▶ Data section
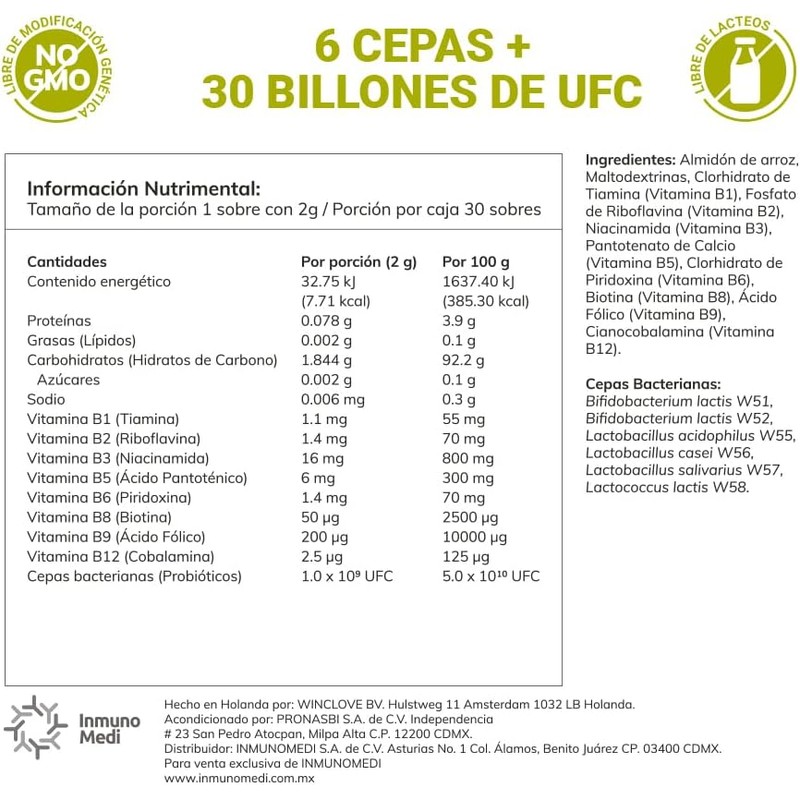 Probióticos Para Niños 30 Billones de UFC 6 Cepas 30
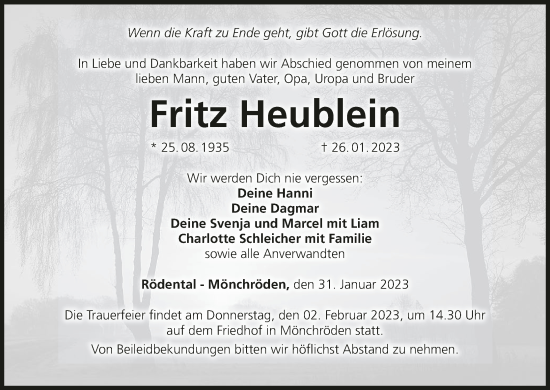 Anzeige von Fritz Heublein von MGO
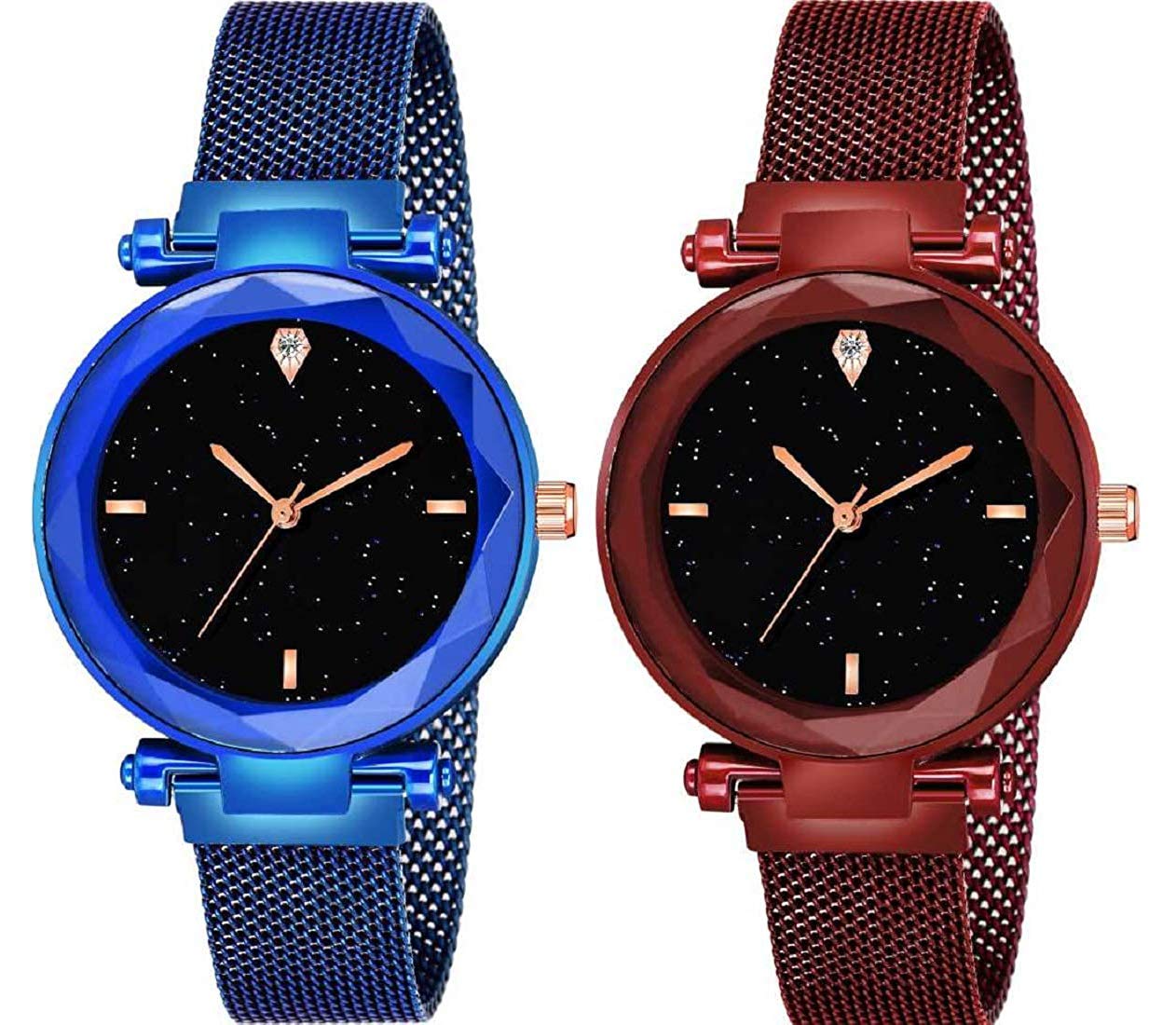 Acnos® Premium 4-Point Blue & Red Magnetic Analog Metal Strap Watches for Women & Girls - Pack of 2 (P-170-210) | Trendy Fashion Accessory for Casual Wear, Office & Special Occasions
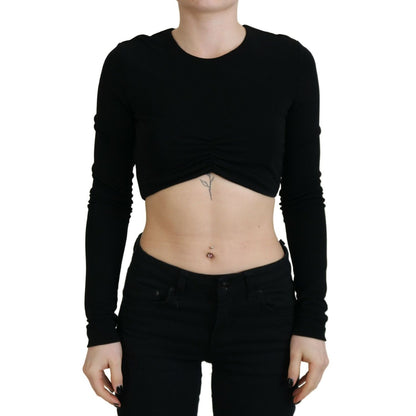 Dsquared² Black Viscose Cropped Round Neck Long Sleeves Top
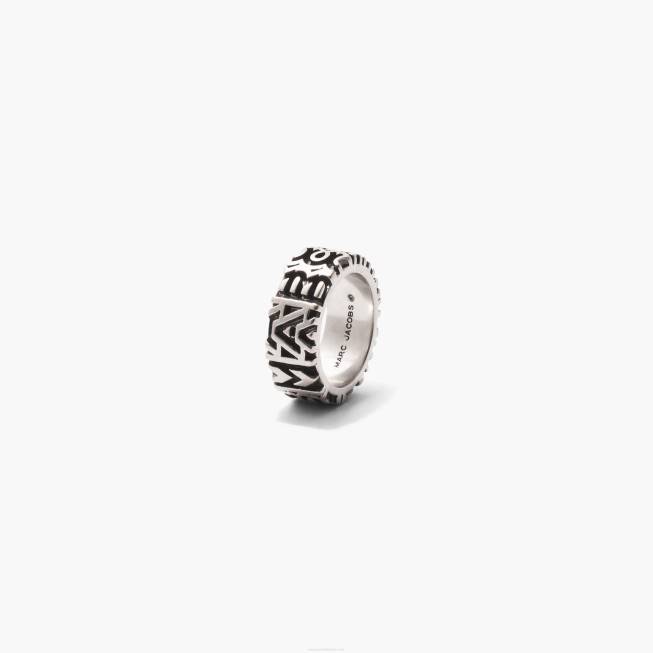 dk Marc Jacobs den monogramgraverede ring i ældet sølv 402Z459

▶ What you have to do
Copy exactly, with no pictures, the lines from the line containing "Acnos® Premium 4-Point" through the last line of the records above.

▶ Written answer
 Acnos® Premium 4-Point Blue & Red Magnetic Analog Metal Strap Watches for Women & Girls - Pack of 2 (P-170-210) | Trendy Fashion Accessory for Casual Wear, Office & Special Occasions
 Dsquared² Black Viscose Cropped Round Neck Long Sleeves Top
 dk Marc Jacobs den monogramgraverede ring i ældet sølv 402Z459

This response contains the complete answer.